Approchons-nous du merveilleux buffet. Baissons les yeux. Quittons les hautes sphères. Regardons le portique qui porte l'instrument : quelle perspective grandiose ! Les colonnes cannelées, décalées en oblique, sont au nombre de 12.
Comment ne pas penser aux 12 Apôtres ? Pour nous aider, Pierre et Paul sont là, que l'on appelle justement « les colonnes de l'Eglise ».
Ces deux hommes, différents et complémentaires, représentent les deux aspects de l'Eglise que l'on aime beaucoup, aujourd'hui, distinguer : l'institution et la mission.
Saint Paul
Représente la mission de l'Eglise, à l'extérieur d'elle-même. Cet l'aspect missionnaire de l'Eglise, c'est Saint Paul, l'Apôtre des nations païennes, qui l'incarne.
Regardez-le donc : appuyé sur l'instrument de son martyre (il a péri par le glaive) chevelure et barbe fleuve, la tête inclinée, il regarde son jarret !
C'est que ses jambes amorcent un départ, on dirait même un pas de danse, il nous semble qu'il va bondir...
Saint Pierre
Qui brandit les clés du Paradis dans une attitude très déclamatoire, le visage socratique, c'est l'institution. On pense alors à tout ce que fait l'Eglise à l'intérieur d'elle même, pour les membres qui lui sont déjà tout acquis.
Remarquez le drapé fluide et ondoyant du vêtement de Saint-Pierre : rappel de l'Antique, qui laisse deviner que les Piette avaient reçu une solide culture classique, peu commune chez les sculpteurs de province.
Levons les yeux
Portons nos regards au premier étage, en remarquant qu'on retrouve dans le buffet d'orgue l'élévation à trois étages de la nef gothique, bien qu'il n'y ait pas correspondance étroite.
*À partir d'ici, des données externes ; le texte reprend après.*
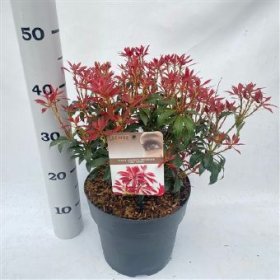 Dekoratyvinis krūmas, pieris "Mountain Fire", vazono skersmuo 23 cm.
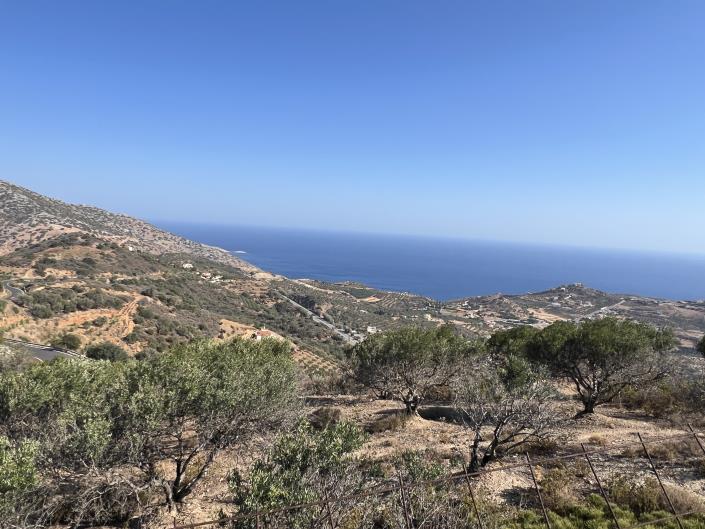 Image No.5-Terrain à vendre à Achlada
C'est là que les tuyaux du positif, au centre, dissimulent à nos yeux la console aux cinq claviers. C'est donc là que tout se joue, c'est là que mains et pieds de l'organiste entrent en action pour que des flots de musique déferlent dans toute la cathédrale.
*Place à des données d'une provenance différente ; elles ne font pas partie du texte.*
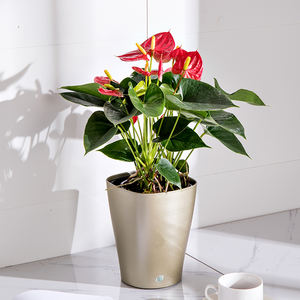 Jardinière empilable porte-plante luxe null moule fenêtre succulente clair mini style jardin extérieur décor à la maison pot <span class=keywords><strong>de</strong></span> fleur - Product Image 2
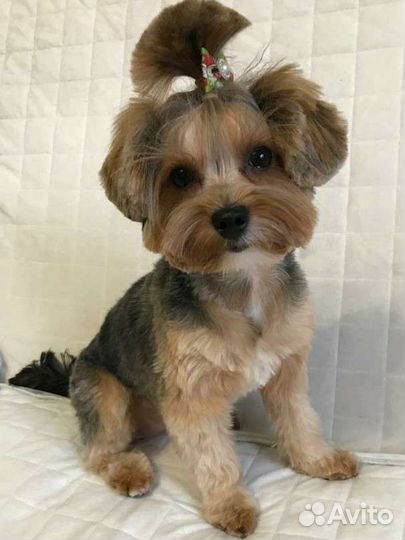 Грумер. Стрижка собак, экспресс линька, тримминг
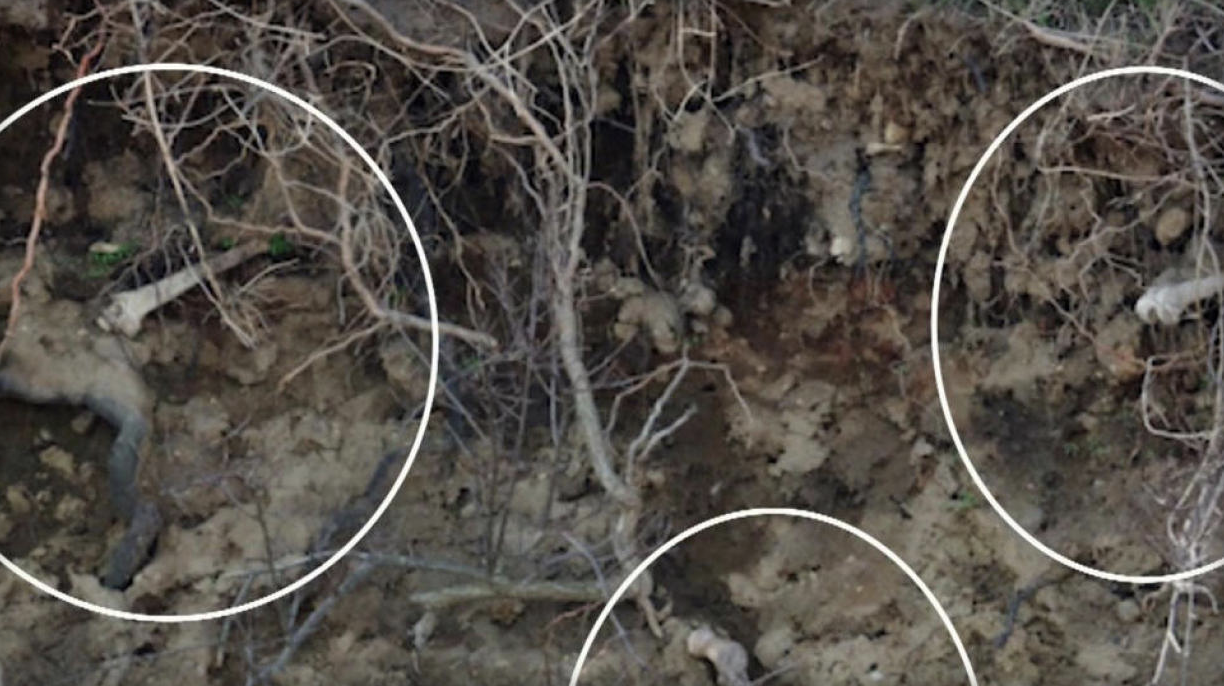 Bones eroding from the earth on Hart Island.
C'est le lieu de l'agir... le lieu de la vie...
Une question nous est posée : quelles sont les conditions pour que cette action et ce chant soient une vraie louange à Dieu ?
Si cela concerne l'artiste qui joue, cela concerne aussi toute l'Église, Corps du Christ, puisque tout ce qu'elle fait doit donner à Dieu Louange et Gloire.
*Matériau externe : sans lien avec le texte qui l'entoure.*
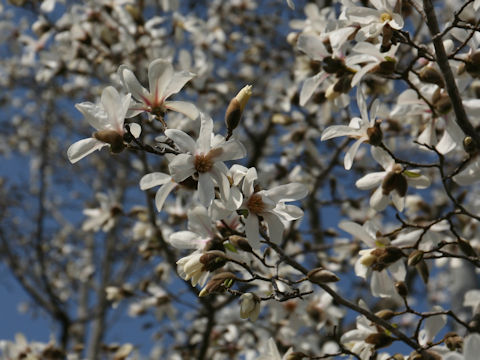 Magnolia kobus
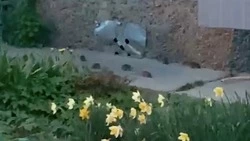 Полчища крыс атаковали многоквартирный дом в Южно-Сахалинске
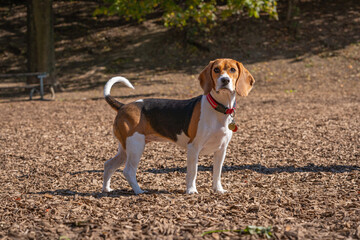 Cute little dog walking around in the park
La réponse est là, taillée dans le bois, et elle est claire : vivez la Foi, l'Espérance et la Charité. Voilà les incontournables conditions pour que l'Eglise ne fasse pas « du toc » en fait de Louange !
La Foi
A gauche, la Foi : c'est vrai qu'il faut, d'abord et avant tout, avoir au coeur cette certitude, ce regard sur l'invisible, cette confiance que l'on nomme la Foi, sinon nos chants, notre musique, se réduisent à une belle réalisation humaine, à du théâtre...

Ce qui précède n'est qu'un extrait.